Not so this week, as Chattanooga Times Free Press reporter Edward Lee Pitts did the unthinkable, shocking right-wing pundits with his audacity. Knowing that only soldiers would be allowed to ask questions of Defense Secretary Donald Rumsfeld at a Kuwait-based press conference, Pitts encouraged a soldier in the 278th Regimental Combat Team (with which Pitts is embedded) to ask a pointed question about armor on certain war vehicles.
"I was told yesterday that only soldiers could ask questions so I brought two of them along with me as my escorts," wrote Pitts in an email to co-workers. "Beforehand we worked on questions to ask Rumsfeld about the appalling lack of armor their vehicles going into combat have." Pitts also said he arranged for the questioners to get recognized. "While waiting for the VIP, I went and found the Sgt. in charge of the microphone for the question and answer session and made sure he knew to get my guys out of the crowd,"

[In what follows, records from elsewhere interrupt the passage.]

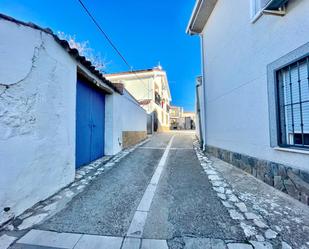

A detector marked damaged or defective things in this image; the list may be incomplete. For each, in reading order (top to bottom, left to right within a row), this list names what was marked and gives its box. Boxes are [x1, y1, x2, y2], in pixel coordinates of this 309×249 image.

cracked plaster wall [0, 18, 76, 223]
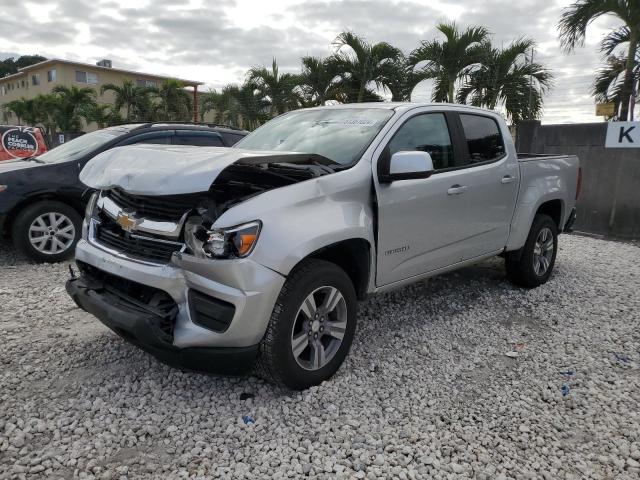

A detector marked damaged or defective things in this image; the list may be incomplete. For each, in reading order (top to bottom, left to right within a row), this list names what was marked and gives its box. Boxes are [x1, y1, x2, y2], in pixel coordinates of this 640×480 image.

crumpled hood [79, 143, 300, 196]
damaged front end [82, 151, 338, 266]
broken headlight [186, 220, 262, 258]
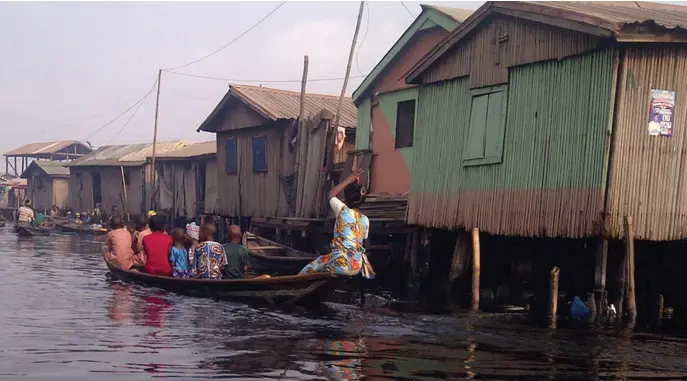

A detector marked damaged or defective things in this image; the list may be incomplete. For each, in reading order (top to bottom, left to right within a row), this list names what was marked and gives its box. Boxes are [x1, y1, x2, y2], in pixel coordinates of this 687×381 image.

rusty metal roof [408, 1, 687, 83]
rusty metal roof [198, 84, 354, 131]
rusty metal roof [3, 140, 91, 157]
rusty metal roof [66, 140, 188, 167]
rusty metal roof [153, 140, 218, 160]
rusty metal roof [20, 160, 70, 178]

Spc. Thomas "Jerry" Wilson, 31, of Nashville, asked Rumsfeld why, after almost two years of war, soldiers were searching dumps for metal to weld on vehicles destined for hostile territory. "Why do we soldiers have to dig through local landfills for pieces of scrap metal and compromised ballistic glass to up-armor our vehicles?" Wilson said. The question appeared to surprise Rumsfeld and prompted cheers among the soldiers listening to him in a hangar.
So the question was a valid one, and it was a question well-received by other soldiers. It is indisputably one of concern, and one to which the America people deserve an answer. This is the sort of question that needs to be asked, even if not answered, and Pitts made sure it was heard. His method of wrangling such an opportunity may be ungentlemanly, but the job of a reporter is not to be liked; rather, a reporter must find out that which is otherwise hidden, and reveal important, relevant information. That’s what the news should be for.
Pitts sums up his reasons for slipping the question in thusly: "I believe lives are at stake with so many soldiers going across the border riding with scrap metal as protection," Pitts wrote. "It may be too late for the unit I am with, but hopefully not for those who come after."
If journalists can, through their work, bring light to the world and shed it on such happenings, more power to them; they represent the public’s only tested method of obtaining information that, though sometimes hard to hear, is necessary for our protection and welfare.